**ACTIVITY**
Your output should be the complete listing, word for word, with no pictures in it.

**SUPPLIED INFORMATION**
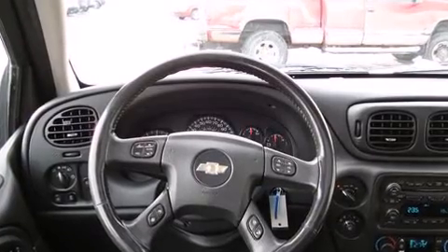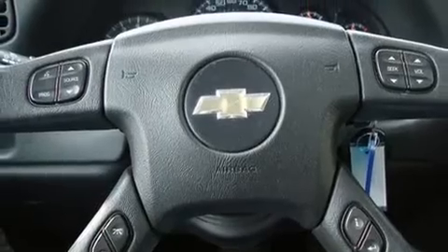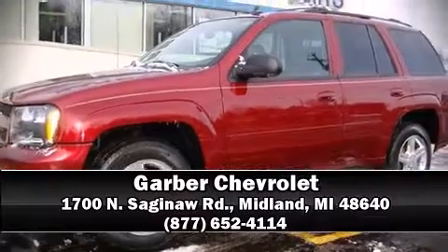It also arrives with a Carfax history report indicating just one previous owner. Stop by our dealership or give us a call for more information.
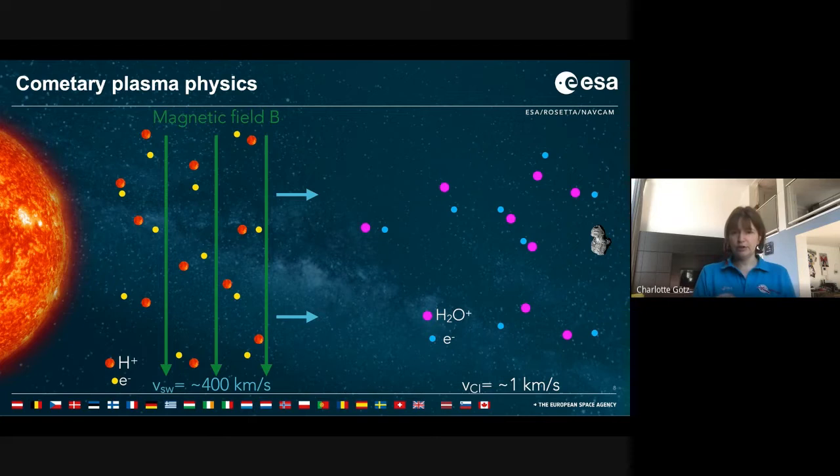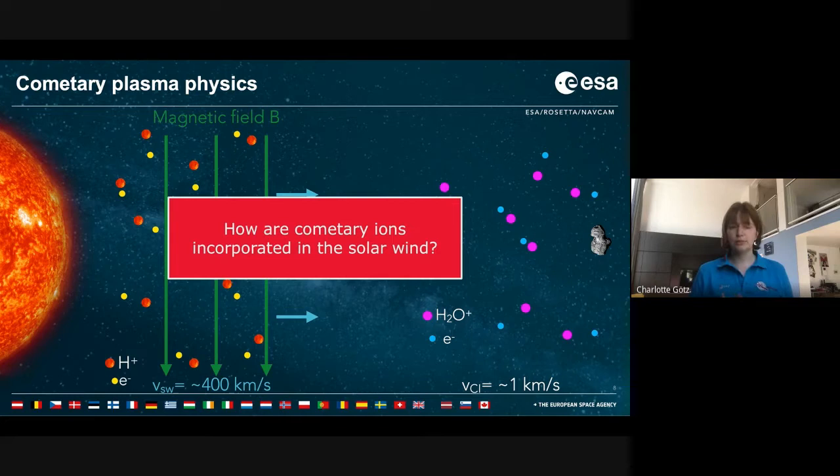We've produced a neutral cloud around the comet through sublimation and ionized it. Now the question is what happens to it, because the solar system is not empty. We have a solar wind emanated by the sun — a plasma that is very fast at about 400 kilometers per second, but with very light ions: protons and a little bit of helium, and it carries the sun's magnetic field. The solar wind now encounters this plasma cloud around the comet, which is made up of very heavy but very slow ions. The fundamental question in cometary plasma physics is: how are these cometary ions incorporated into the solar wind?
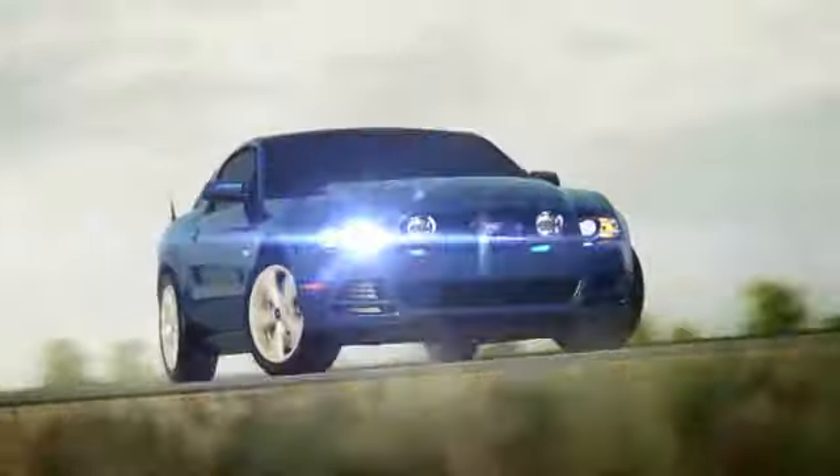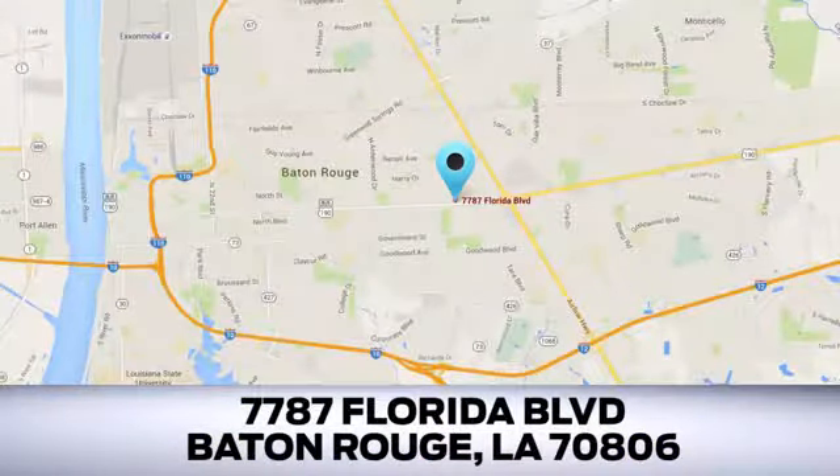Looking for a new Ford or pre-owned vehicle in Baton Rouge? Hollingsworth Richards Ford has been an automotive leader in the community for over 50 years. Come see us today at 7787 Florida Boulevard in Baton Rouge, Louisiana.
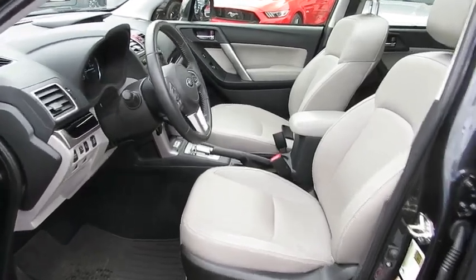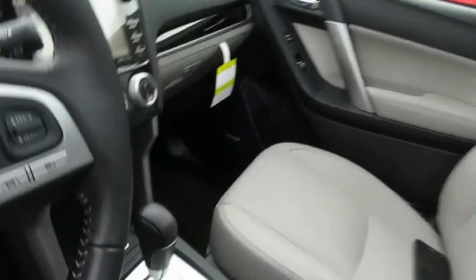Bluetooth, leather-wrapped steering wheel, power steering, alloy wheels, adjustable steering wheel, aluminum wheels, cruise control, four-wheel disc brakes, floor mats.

**EXERCISE RESULT**
It also arrives with a Carfax history report indicating just one previous owner. Stop by our dealership or give us a call for more information.
We've produced a neutral cloud around the comet through sublimation and ionized it. Now the question is what happens to it, because the solar system is not empty. We have a solar wind emanated by the sun — a plasma that is very fast at about 400 kilometers per second, but with very light ions: protons and a little bit of helium, and it carries the sun's magnetic field. The solar wind now encounters this plasma cloud around the comet, which is made up of very heavy but very slow ions. The fundamental question in cometary plasma physics is: how are these cometary ions incorporated into the solar wind?
Looking for a new Ford or pre-owned vehicle in Baton Rouge? Hollingsworth Richards Ford has been an automotive leader in the community for over 50 years. Come see us today at 7787 Florida Boulevard in Baton Rouge, Louisiana.
Bluetooth, leather-wrapped steering wheel, power steering, alloy wheels, adjustable steering wheel, aluminum wheels, cruise control, four-wheel disc brakes, floor mats.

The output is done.